=== Section Start ===

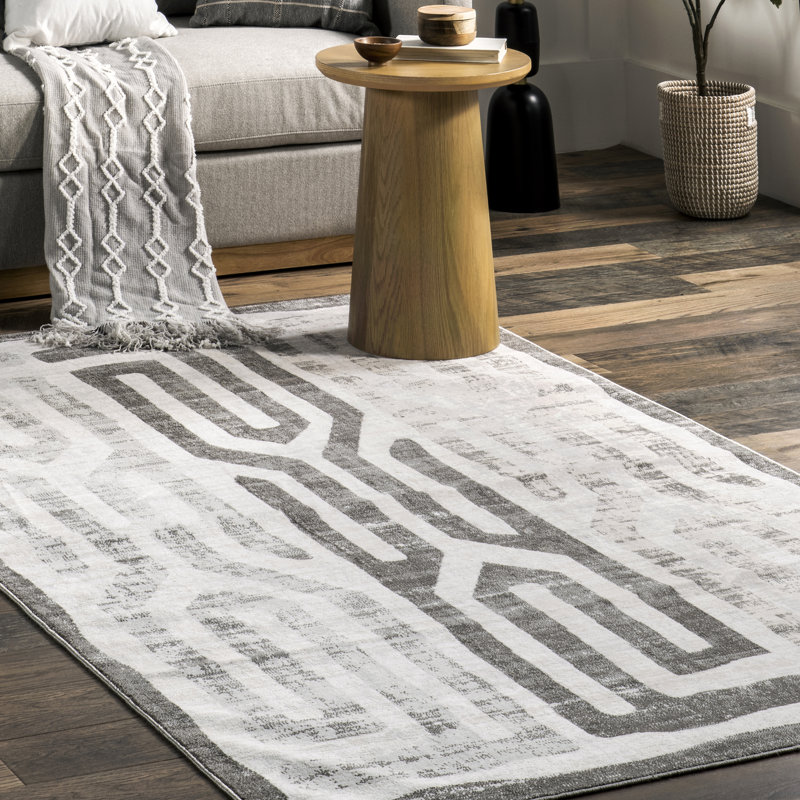 Erikka SpinClean Geometric Stripes Machine Washable Area Rug, Rectangle 3'8" x 6'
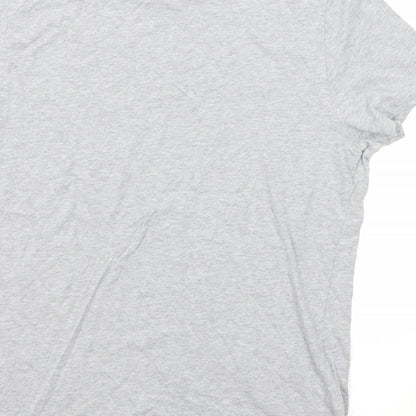 Brand and care label for ASOS women’s grey cotton basic t-shirt, size L, crew neck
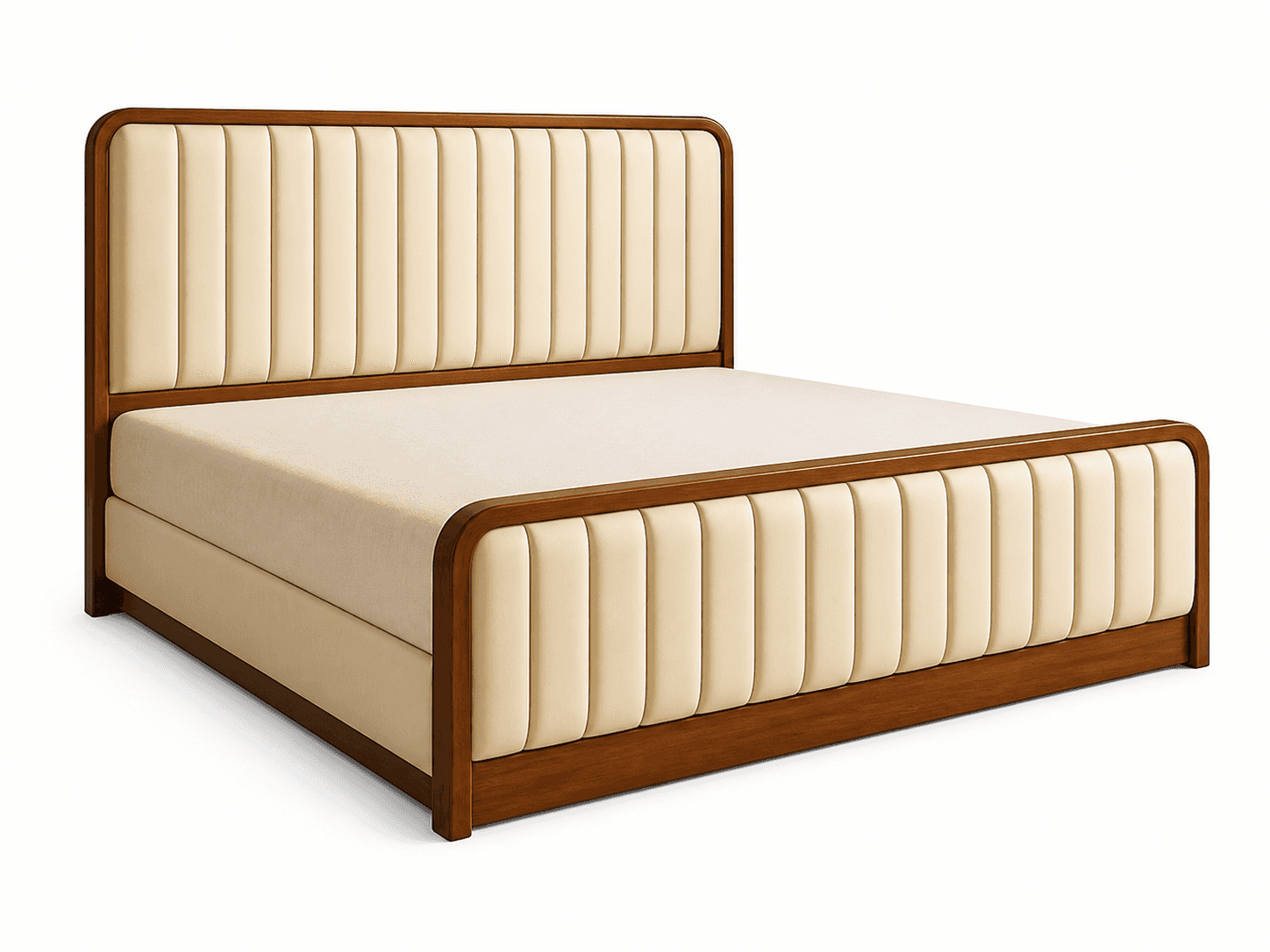 A contemporary upholstered bed frame featuring a tall, rectangular headboard and a matching footboar… — free OBJ 3D model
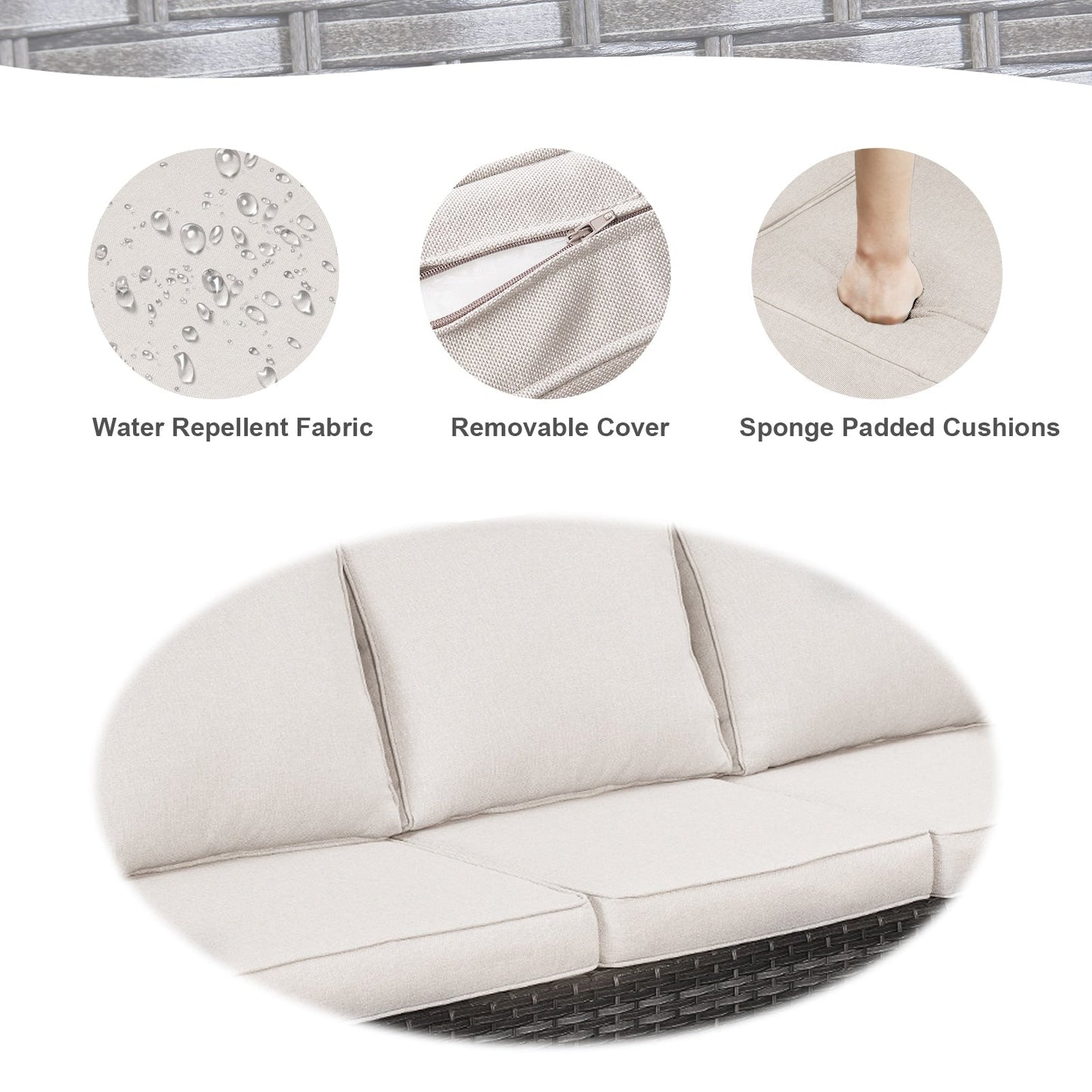 Gymojoy Outdoor Patio Sofa with Swivel Chairs Set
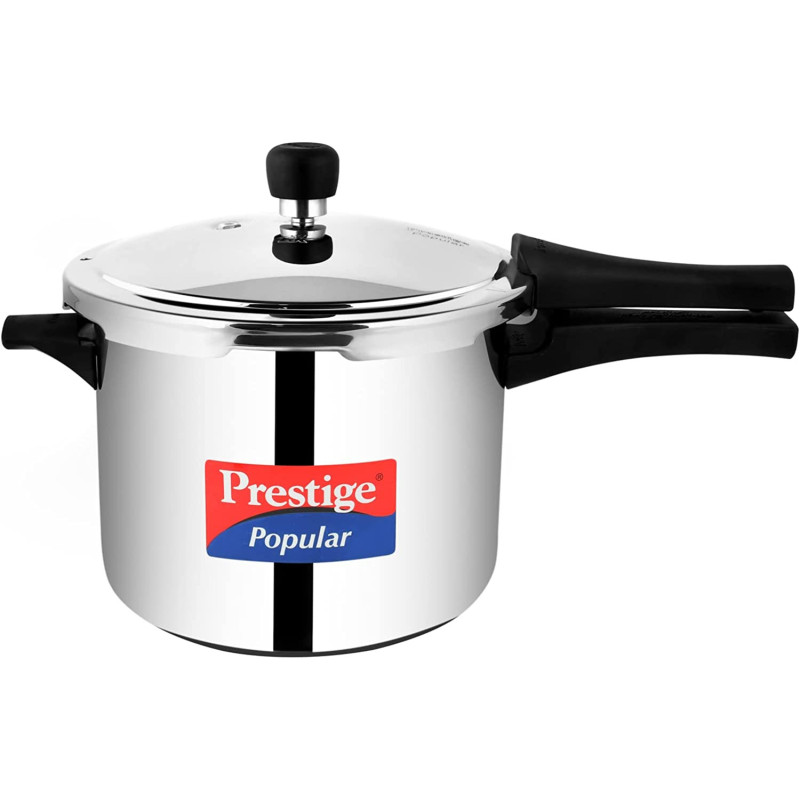 Prestige Popular Stainless Steel Pressure Cooker, 5 Ltr, Silver (MPP20652)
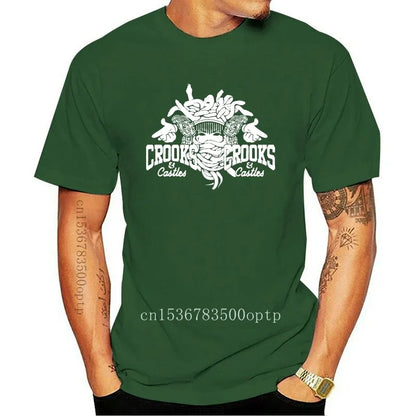 New Crooks Castles Logo Black T Shirt Herren Damen Unisex Tumblr Tee Sleeve Harajuku Tops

=== Section End ===

Repeat only the lines between the start of the data and the line with "Gymojoy Outdoor Patio", including those two lines, and skip the pictures.

 Erikka SpinClean Geometric Stripes Machine Washable Area Rug, Rectangle 3'8" x 6'
 Brand and care label for ASOS women’s grey cotton basic t-shirt, size L, crew neck
 A contemporary upholstered bed frame featuring a tall, rectangular headboard and a matching footboar… — free OBJ 3D model
 Gymojoy Outdoor Patio Sofa with Swivel Chairs Set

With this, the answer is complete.